Dust and Polycyclic Aromatic Hydrocarbon in the Pre-Transitional Disk around HD 169142

TL;DR

This study models the dust and PAH emission in the pre-transitional disk of HD 169142, revealing complex dust structures and PAH features that inform planet formation processes.

Contribution

It presents a combined spectral and spatial modeling of dust and PAHs in the disk, incorporating porous dust and PAH features with detailed disk structure.

Findings

Porous dust model fits the SED across IR to millimeter wavelengths.

PAH emission features are well reproduced by the model.

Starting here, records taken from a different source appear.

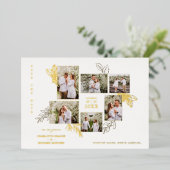 6 Photos Collage Wedding Botanical Branches Frame Folie Uitnodiging (Staand Voorkant)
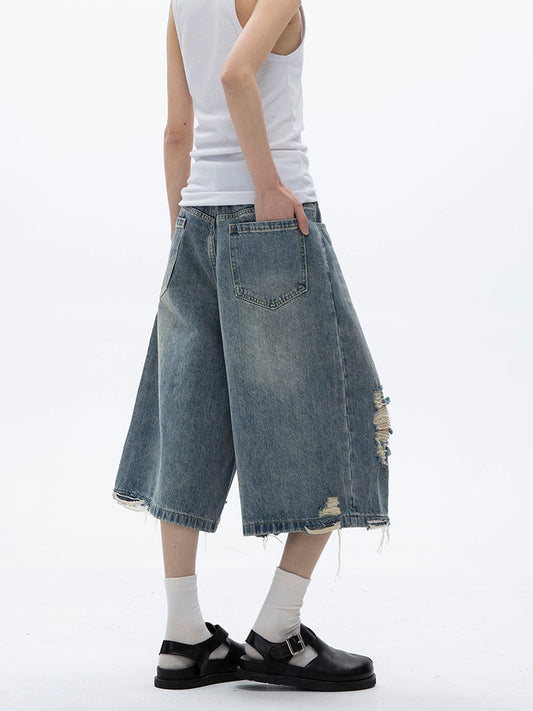Fraywide Dust Cut Denim Shorts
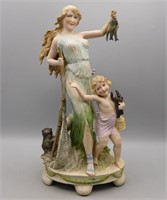 Bisque Porcelain Figurine Statue Signed GG 12"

Ice mantle accretion occurs between 16 and 60 AU, overlapping with PAH emission region.

Abstract

The pre-transitional disk around the Herbig Ae star HD 169142 shows a complex structure of possible ongoing planet formation in dust thermal emission from the near infrared (IR) to millimeter wavelength range. Also, a distinct set of broad emission features at 3.3, 6.2, 7.7, 8.6, 11.3, and 12.7 $\mu$m, commonly attributed to polycyclic aromatic hydrocarbons (PAHs), are detected prominently in the HD 169142 disk. We model the spectral energy distribution (SED) as well as the PAH emission features of the HD 169142 disk simultaneously with porous dust and astronomical-PAHs taking into account the spatially resolved disk structure. Our porous dust model consisting of three distinct components that are primarily concentrated in the inner ring, middle ring, and outer disk, respectively, provides an excellent fit to the entire SED, and the PAH model closely reproduces the observed PAH features. The accretion of ice mantles onto porous dust aggregates occurs between ~16 AU and 60 AU, which overlaps with the spatial extent (~50 AU) of the observed PAH emission features. Finally, we discuss the role of PAHs in the formation of planets possibly taking place in the HD 169142 system.